THE PROBLEM = The answer is to be the lines below that lie between the line holding "(Ϸģ)v3.0.0 ׿" and the line holding "Immagine 19 di", inclusive, transcribed exactly and free of pictures.

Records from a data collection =
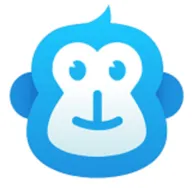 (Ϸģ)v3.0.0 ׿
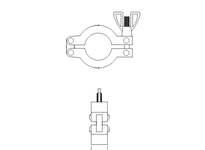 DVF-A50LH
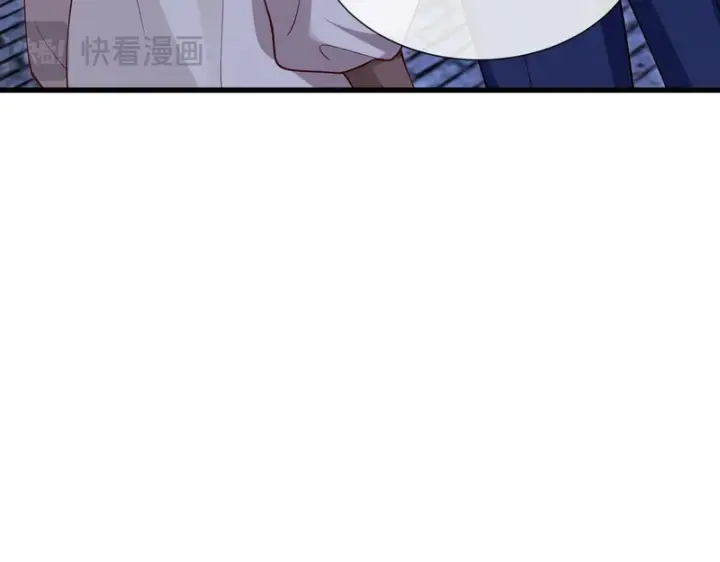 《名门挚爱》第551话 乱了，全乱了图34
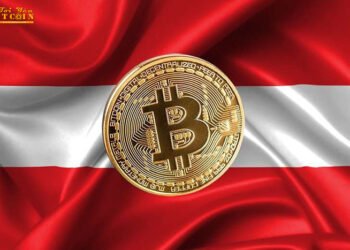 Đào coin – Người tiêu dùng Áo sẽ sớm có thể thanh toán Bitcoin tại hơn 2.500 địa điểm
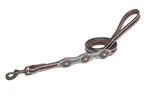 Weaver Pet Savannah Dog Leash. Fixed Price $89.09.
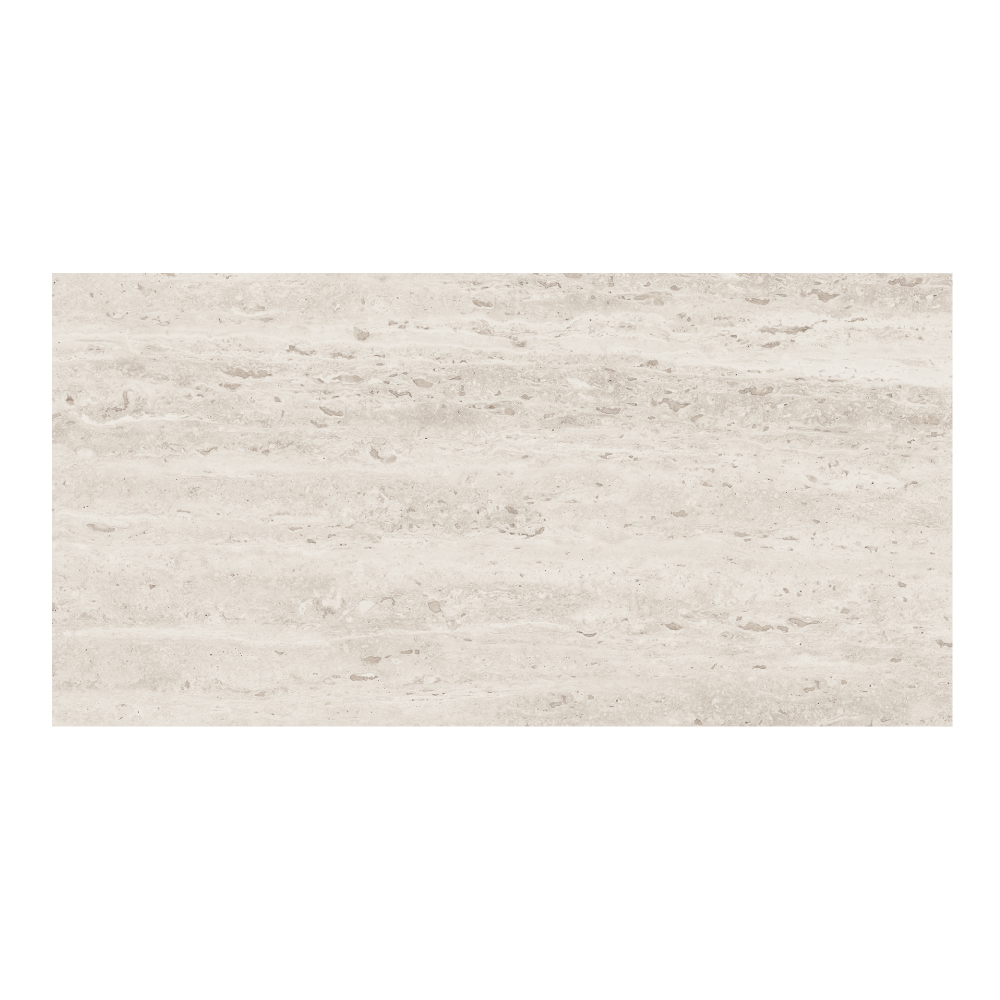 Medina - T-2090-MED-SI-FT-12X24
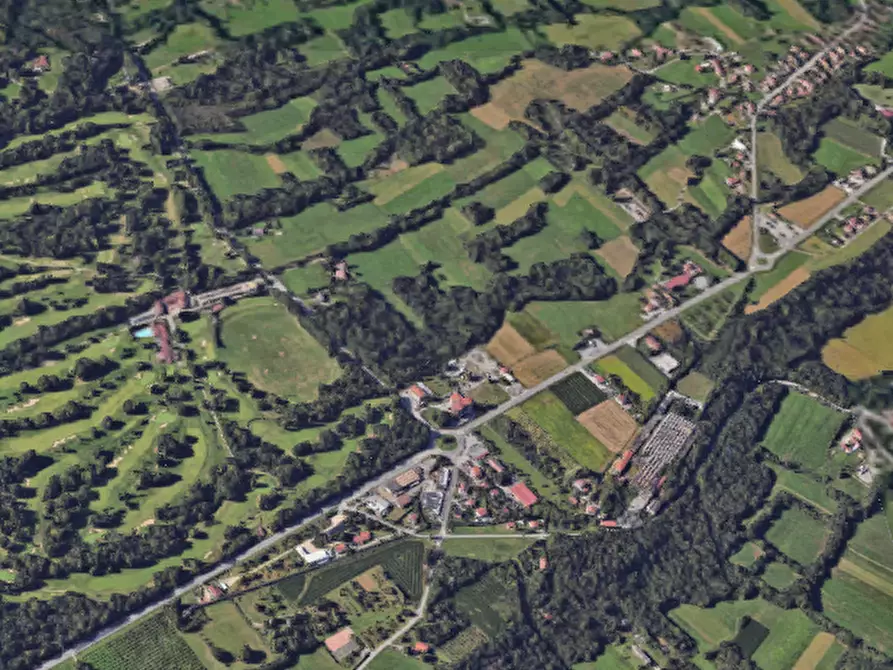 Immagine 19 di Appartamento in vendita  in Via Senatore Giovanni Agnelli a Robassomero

==

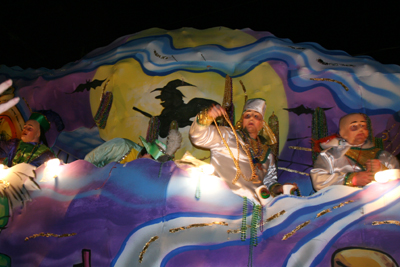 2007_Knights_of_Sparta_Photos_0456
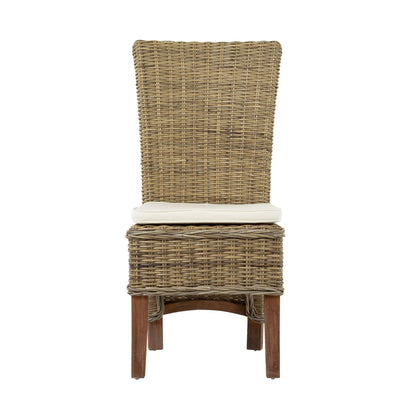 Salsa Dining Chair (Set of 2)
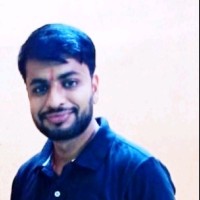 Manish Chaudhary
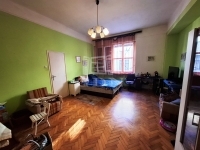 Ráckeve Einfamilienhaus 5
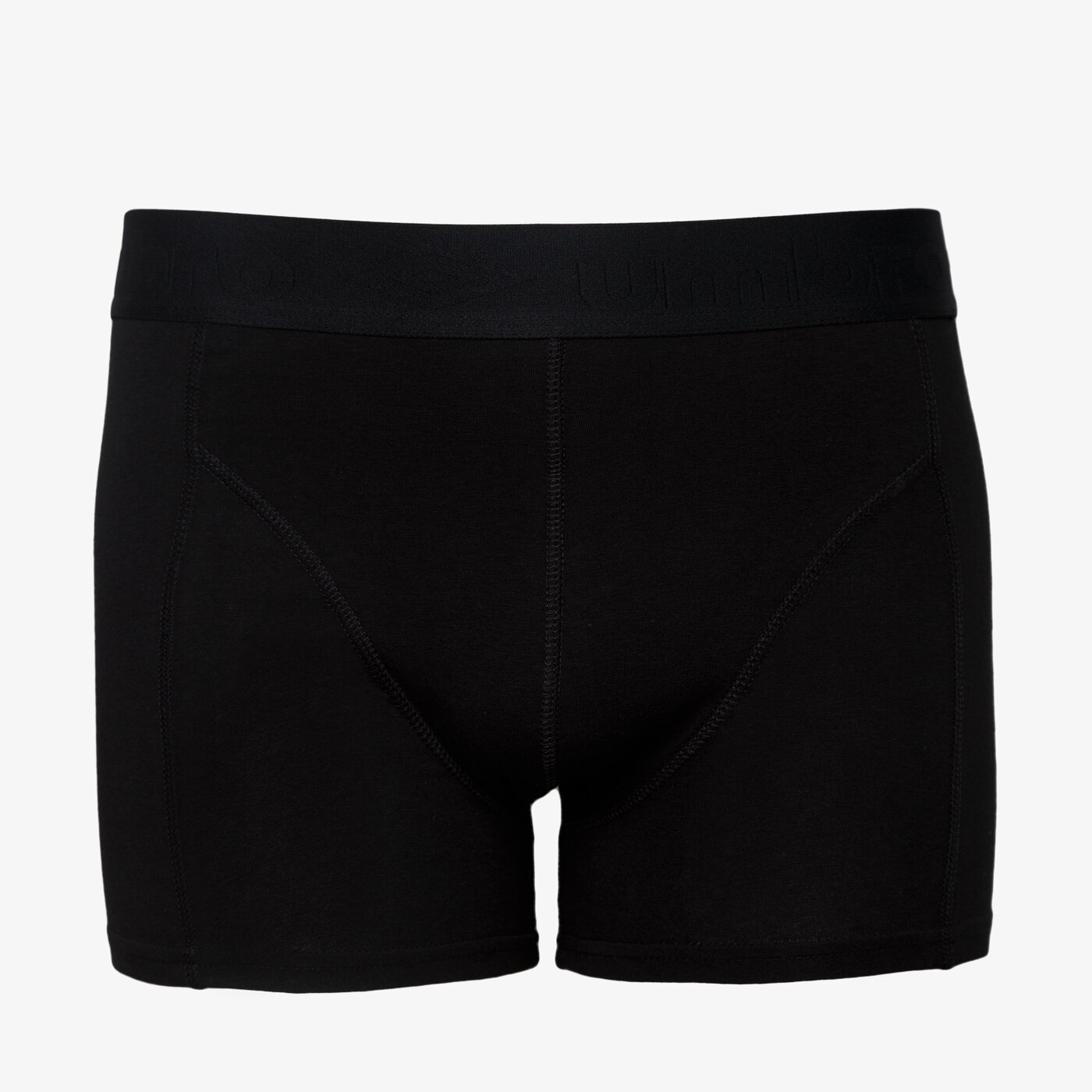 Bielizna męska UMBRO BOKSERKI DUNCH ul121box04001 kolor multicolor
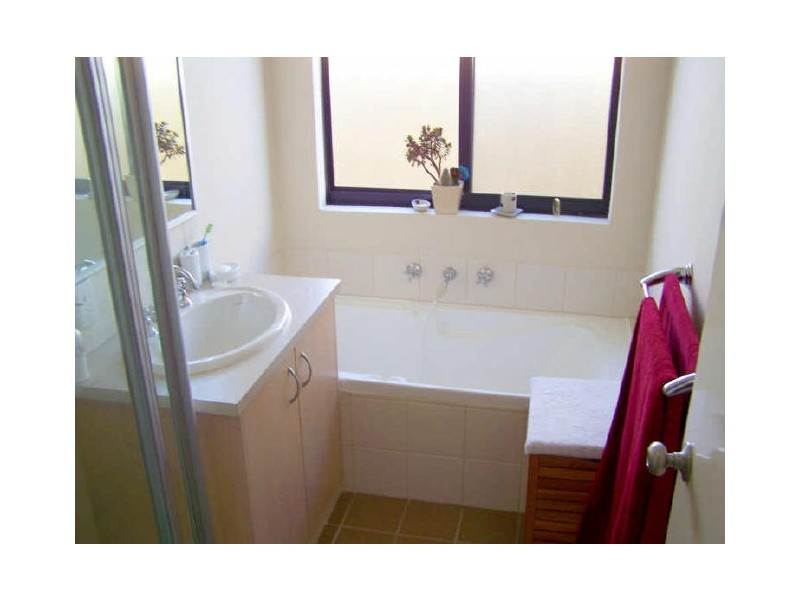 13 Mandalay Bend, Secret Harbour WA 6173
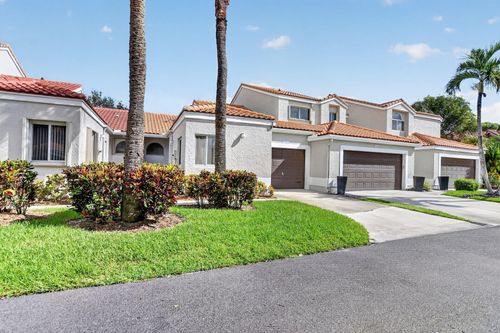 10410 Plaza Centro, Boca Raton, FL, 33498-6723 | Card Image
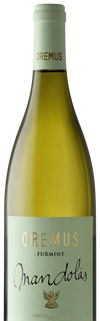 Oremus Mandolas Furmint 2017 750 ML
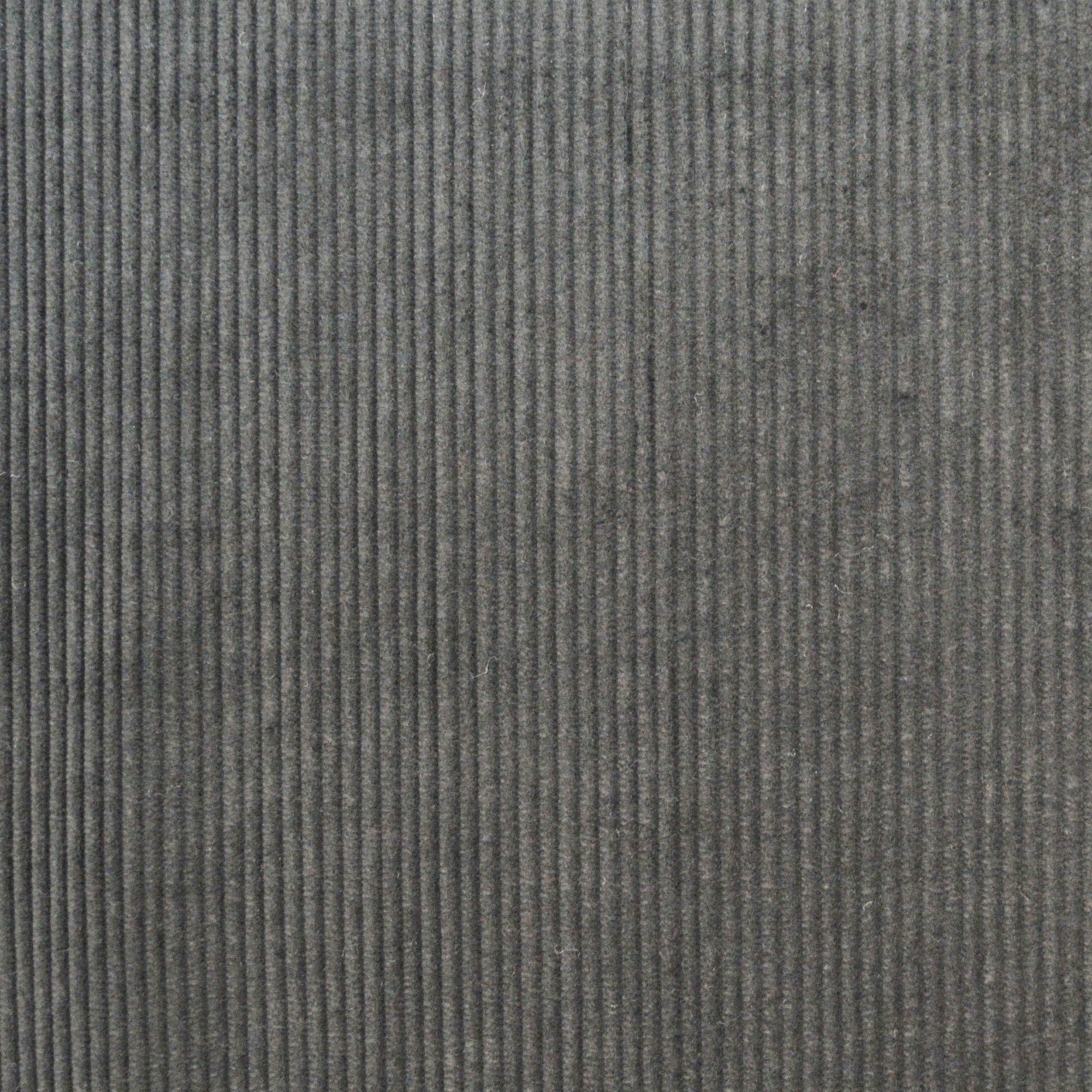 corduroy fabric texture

...

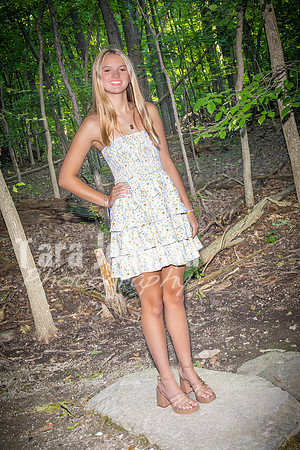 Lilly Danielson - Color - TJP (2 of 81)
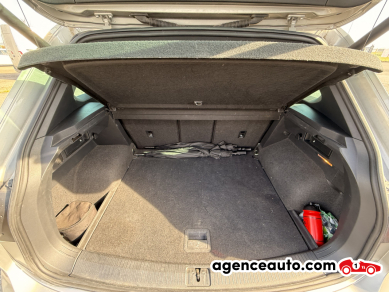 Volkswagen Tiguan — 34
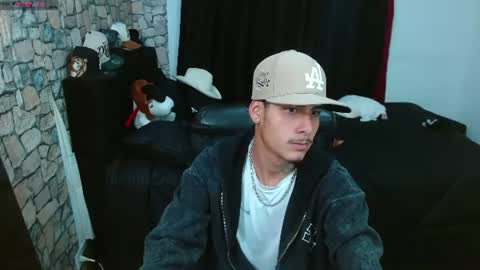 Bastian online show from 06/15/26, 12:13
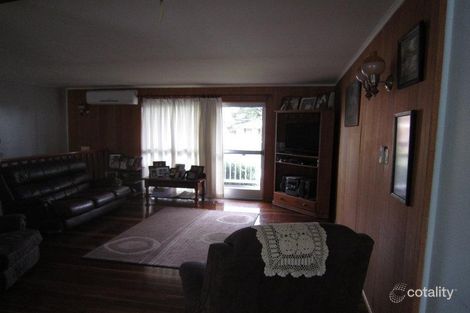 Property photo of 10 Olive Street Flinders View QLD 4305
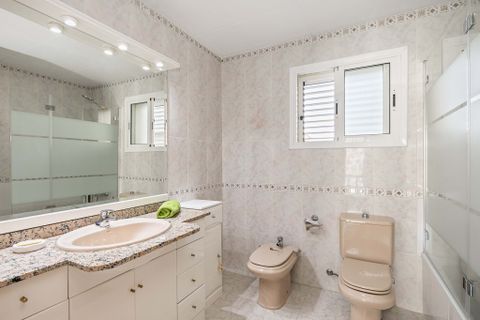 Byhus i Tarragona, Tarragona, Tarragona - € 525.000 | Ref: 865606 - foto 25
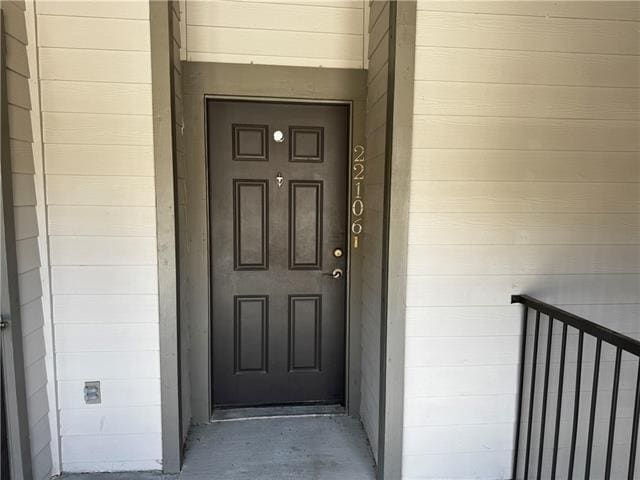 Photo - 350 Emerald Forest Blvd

COMPLETED TASK =
 (Ϸģ)v3.0.0 ׿
 DVF-A50LH
 《名门挚爱》第551话 乱了，全乱了图34
 Đào coin – Người tiêu dùng Áo sẽ sớm có thể thanh toán Bitcoin tại hơn 2.500 địa điểm
 Weaver Pet Savannah Dog Leash. Fixed Price $89.09.
 Medina - T-2090-MED-SI-FT-12X24
 Immagine 19 di Appartamento in vendita  in Via Senatore Giovanni Agnelli a Robassomero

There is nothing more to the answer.